While discipline referrals may be dropping, a check of Cy-Fair's most recent discipline report to the Texas Education Agency reveals the district sends African-American students to alternative school, and gives them out of school and in-school suspension at a disproportionate rate as well.

HISD Police Chief Robert Mock said in a statement said there have been improvements there.

For example, HISD police no longer write any citations to any student under 18 years of age and said the Harris County District Attorney's office is consulted with before charges are filed against those students. He also said that all of his officers receive cultural diversity and ethics training at least once every two years and that all his officers just completed 20 hour school-based law enforcement training.

Mock also raised questions with the numbers examined by abc13.

"We do not have confidence in the accuracy of the information provided in the report to Mr. Oberg because it contains all arrest data including traffic citations and off campus incidents involving adults and juveniles," Mock said. "Although we believe we reflect national averages in arrests of African American males, we cannot verify the accuracy of the report given to him. This is one of the many reasons we have contracted for a new records management system to help us better track data."

HISD data separated students from other categories of suspects. abc13 counted only students in our analysis of the data.

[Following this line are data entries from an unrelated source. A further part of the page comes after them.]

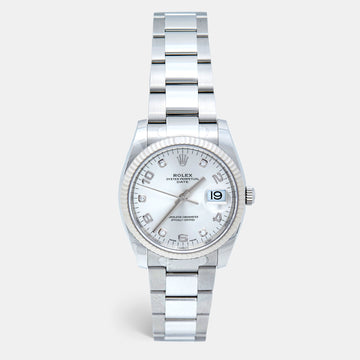 Rolex Silver Diamond 18k White Gold Steel Oyster Perpetual Date 115234-0012 Unisex Wristwatch 34 mm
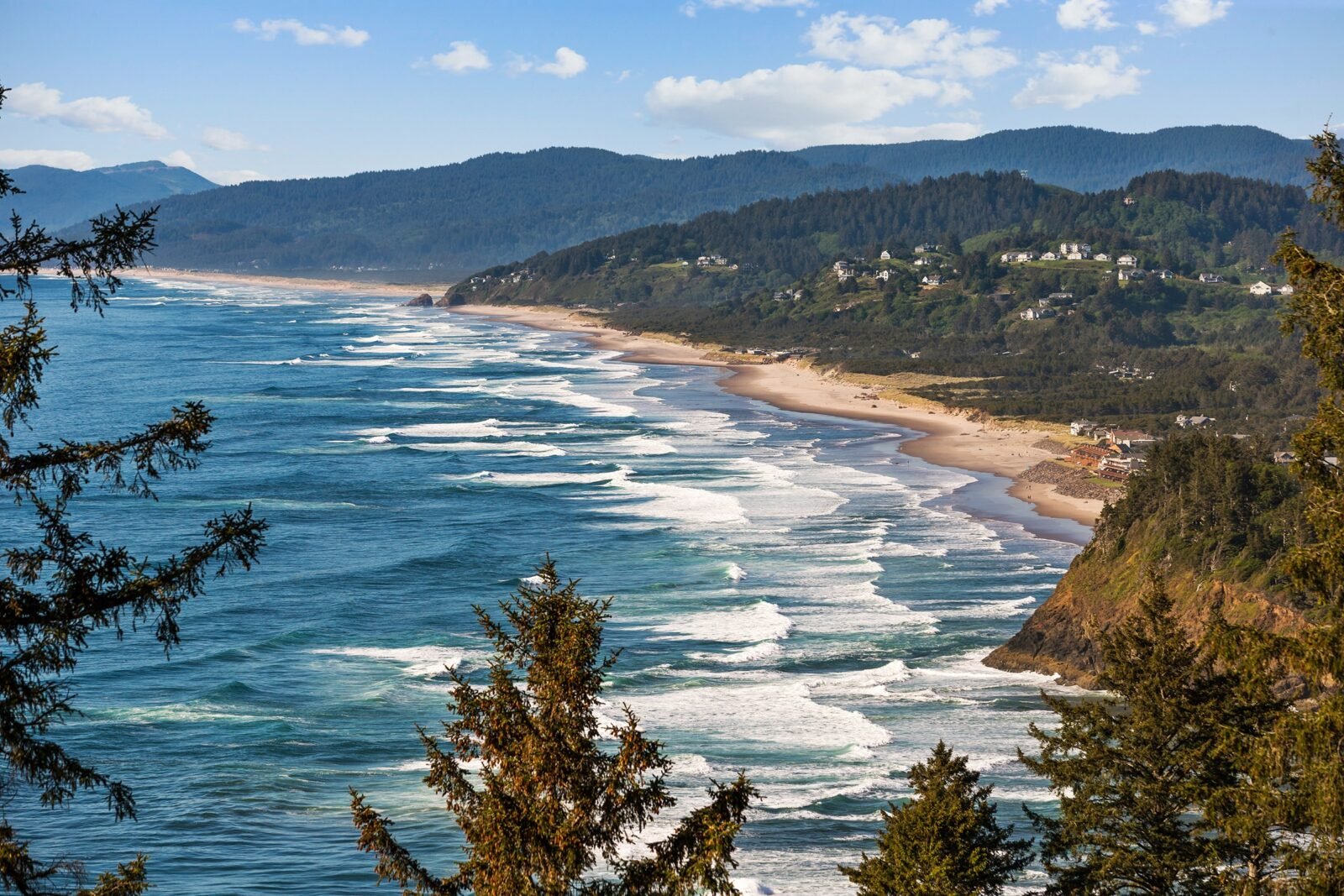 Raised view of the Oregon coast. 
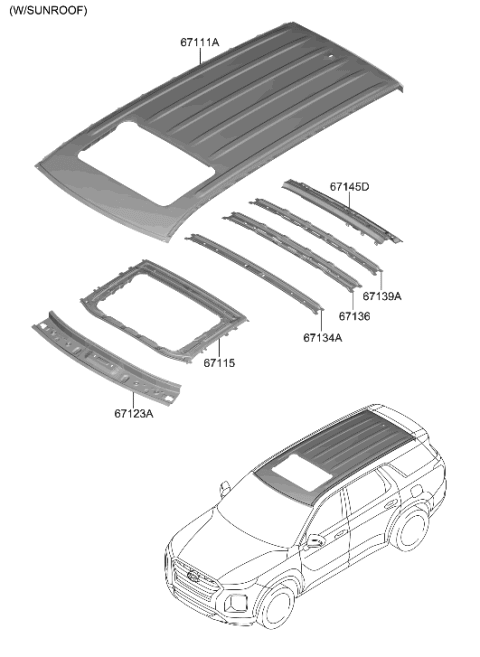 2020 Hyundai Palisade Ring Assembly-SUNROOF REINF Diagram for 67115-S8100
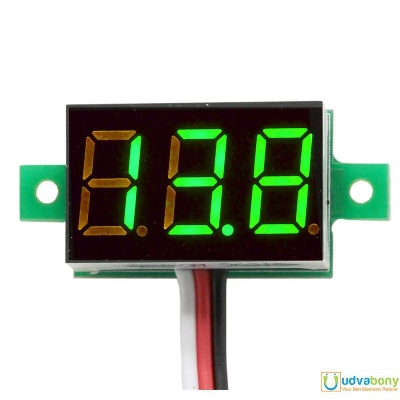 Picture of GREEN 3-Wire Cables 0.36" Inch Mini Digital Car Voltmeter 0.36" Inch Green Color LED Display DC 0-100V 3 Wire Leads Volt Meter Battery Voltage Checker Panel Indicator Monitor
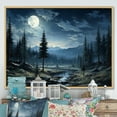thumbnail image 1 of Designart "Blue Pine Tree Moonlit Charm" Tree Pine Floater Framed Canvas Wall Art, 1 of 7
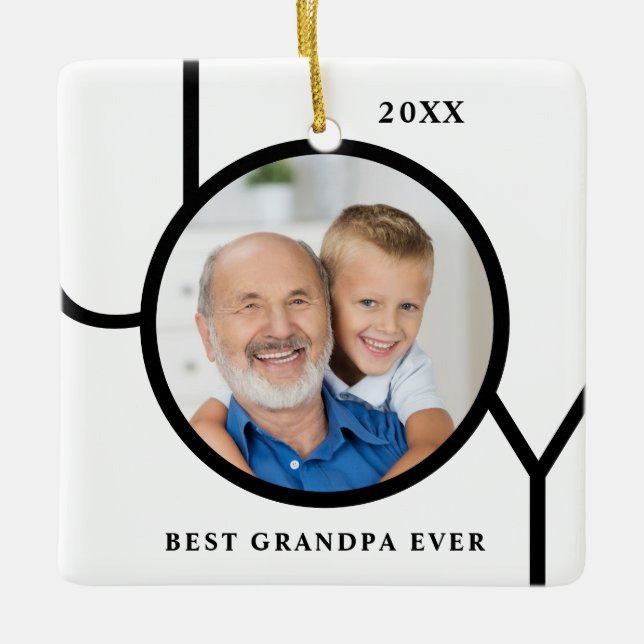 Ornement En Céramique Meilleur Grand-Père Jamais Photo Noël (Devant)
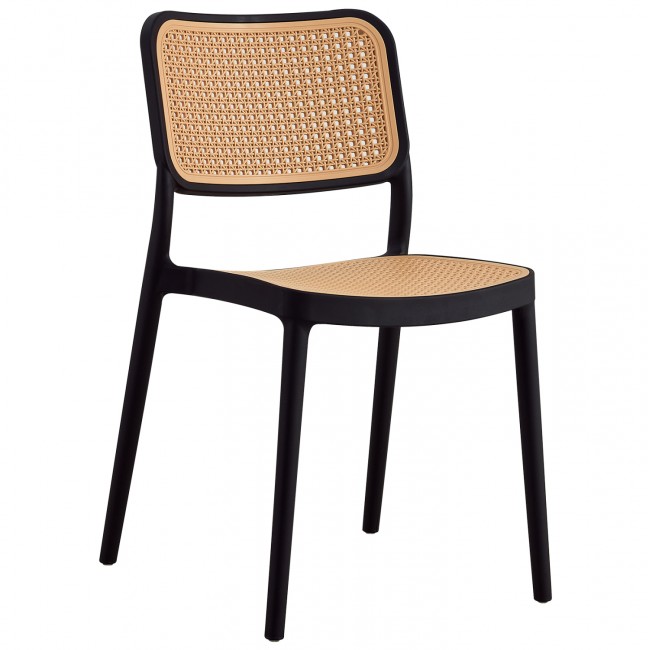Καρέκλα εξωτερικού χώρου "MEKO" από πολυπροπυλένιο σε μαύρο/μπεζ χρώμα 41x49x102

Furthermore an analysis of misdemeanor tickets in HISD by non-profit group Texas Appleseed in 2011 showed the same percentage of African-American defendants within 0.7%.

One of those data points had a very human story. She's was an HISD Yates High School sophomore who got into a fight after she said she was cyber-bullied.

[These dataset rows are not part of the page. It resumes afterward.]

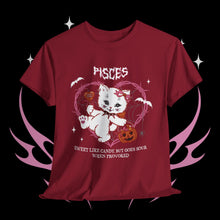 Load image into Gallery viewer, Pisces Halloween Kitty Cat Unisex Short Sleeve Tee
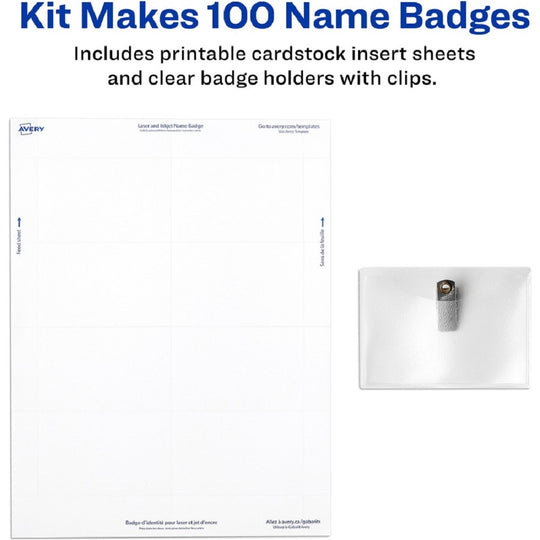 AVERY  INKJET LASER/INKJET BADGE INSERT - WHITE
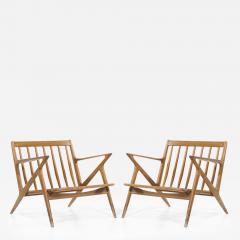 Poul Jensen Poul Jensen for Selig Mid Century Walnut Z Lounge Chairs Pair - 3953662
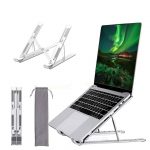 Laptop Stand Adjustable Foldable Metal Laptop Riser Portable Notebook Stand with Multi Angle Positions Desktop Laptop Holder Stand for Desk Use - Image 5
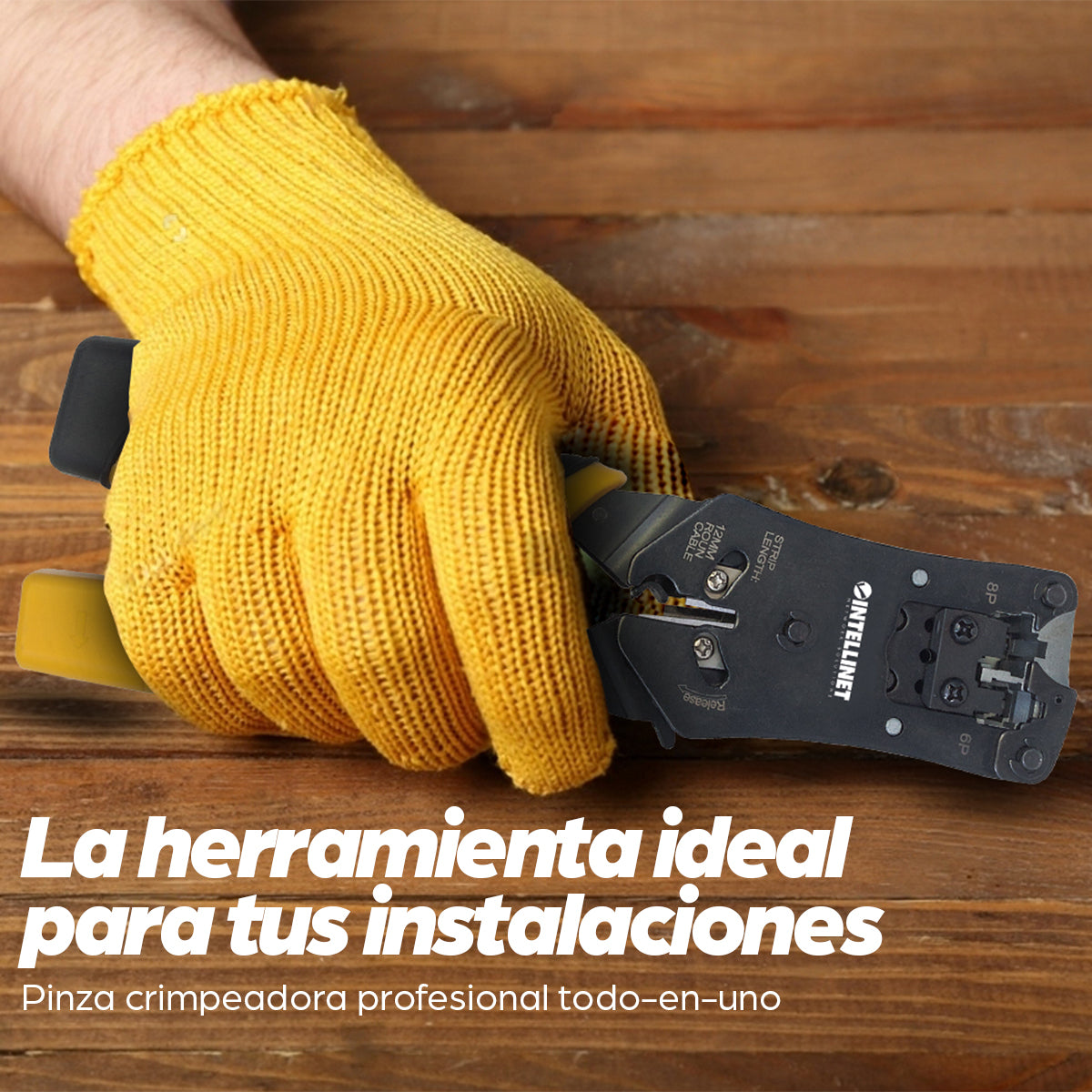 Intellinet Pinza Crimpeadora Universal de Plugs Modulares y Probador de Cables crimpadoras 80 mm 220 mm 25 mm 513 g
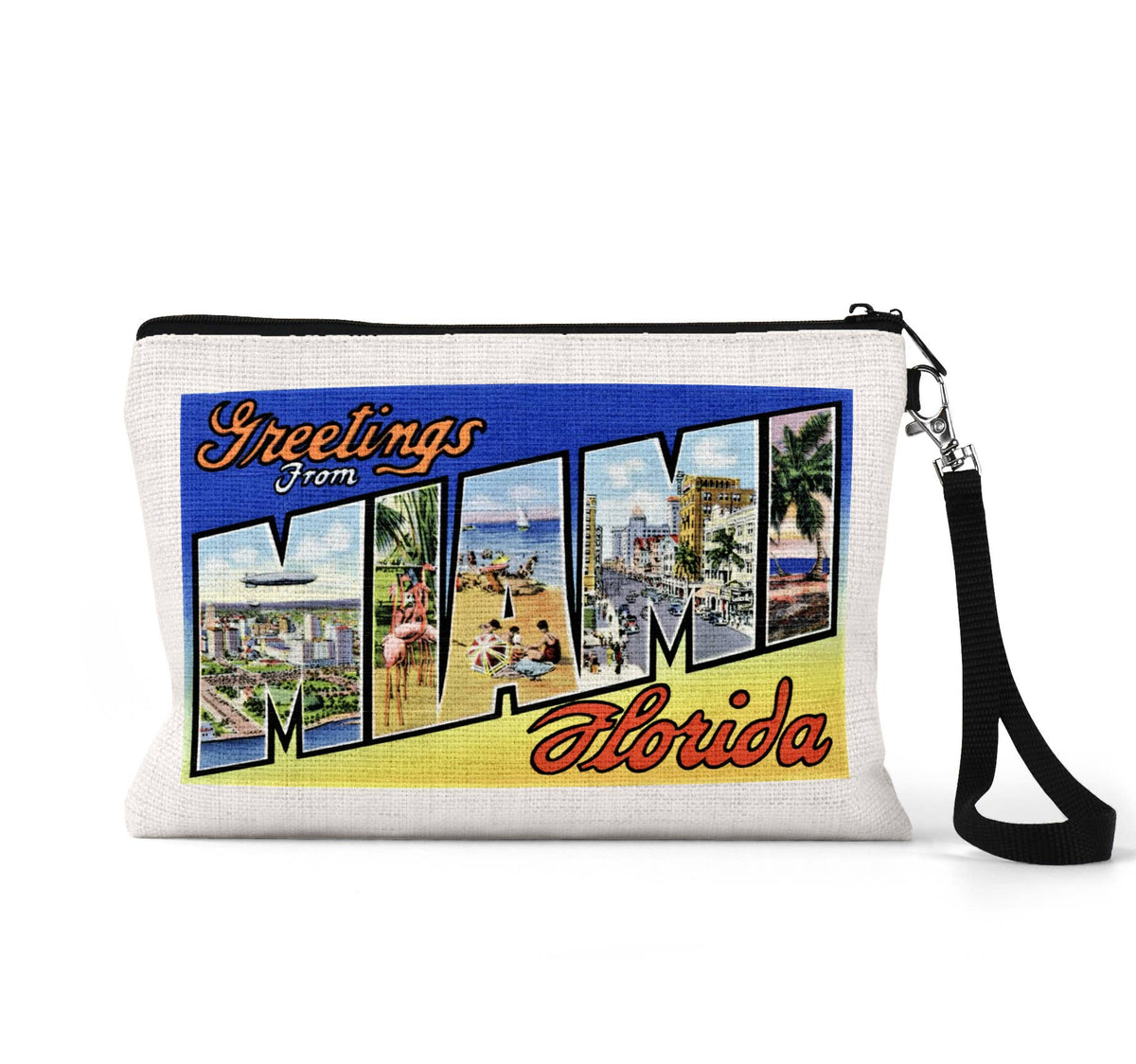 Miami Florida vintage postcard wristlet travel pouch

She is a black student. ABC13 is hiding her identity over her concerns of retaliation.

"They would tweet... about mace and fighting." she said, threatening "to fight, to beat me up."

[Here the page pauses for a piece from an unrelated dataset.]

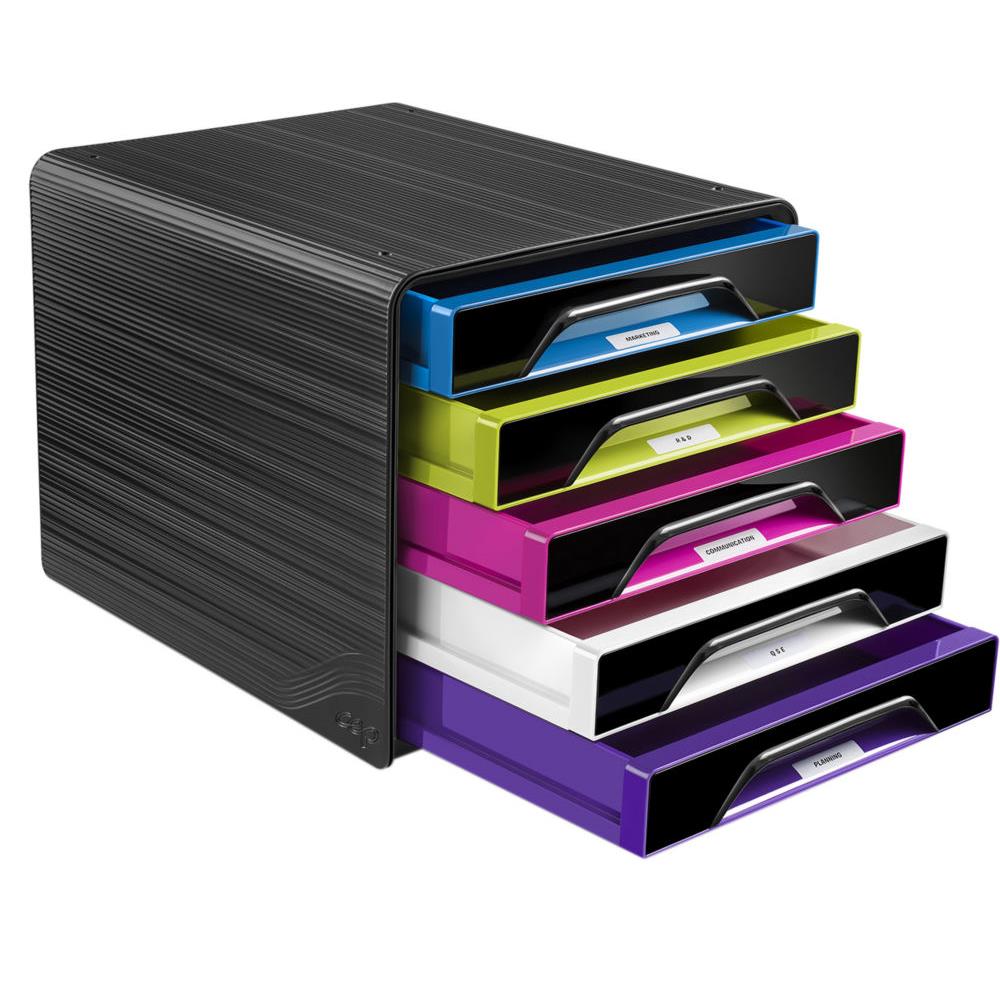 Module de classement CEP Smoove - 5 tages - 24 x 32 cm - L36 x H27,1 x P28,8 cm - noir multicolore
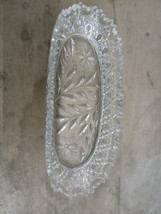 Vintage Crystal Relish Tray | 11.5 Long. Cut Glass Floral Pattern  - £10.03 GBP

They did it all on Twitter, she said, "for the whole world to see."

When it eventually led to actual fight outside a classroom, she was arrested by HISD police.

She felt that she was charged because she is black.

"It's already a target on our back." she said.

The assault charge was dismissed with the help of attorney Mani Nezami.

Nezami is also a juvenile justice expert at Texas Southern University's Earl Carl Institute.

He believes much of the interaction that black students have with police stems from bullying.

"We have a number of clients where students are being bullied in school, they go to their parents, the parents go to the principal's office and the principal intervenes," he said.

But Nezami said that in his experience, white students at wealthier schools get intervention early on to avoid the school's police getting involved. Not so for many African-American pupils in poorer schools.

"That leads one of two conclusions," he said. "Either children of color are worse or just bad children or the problem isn't with them, the problem is above them. I represent children in a number of different school districts of all races and I can tell you that the same bullying and fighting that happens at Yates happens at Bellaire at wealthier schools."

Nezami said he's tried to have discussions about this with school leaders, but doesn't get far.

"The school will always say we take every case of bullying seriously," he said. "They give you a standard boilerplate answer."

All of this is no surprise to HISD activist Travis McGee. He often can't get answers, either.

"HISD don't talk about too much these days," he said. "Everything they're doing right now is secret. Now these are public servants but they have way too much privacy. They should be just as vocal about these things as when they're trying to get elected. Any leadership that can't be questioned is questionable leadership."

HISD's Jones is certain she can get answers -- and hopes police can be more prudent when interacting with kids who are acting up.

"A police officer's greatest weapon is discretion," the trustee said.

And even though Ted Oberg Investigates couldn't get a meeting with the HISD police chief, Jones can.

"I had a come to Jesus meeting with the police chief," she said. "I am waiting for the police chief to see if he believes we have a problem. If he doesn't acknowledge there is a problem, then he is the problem."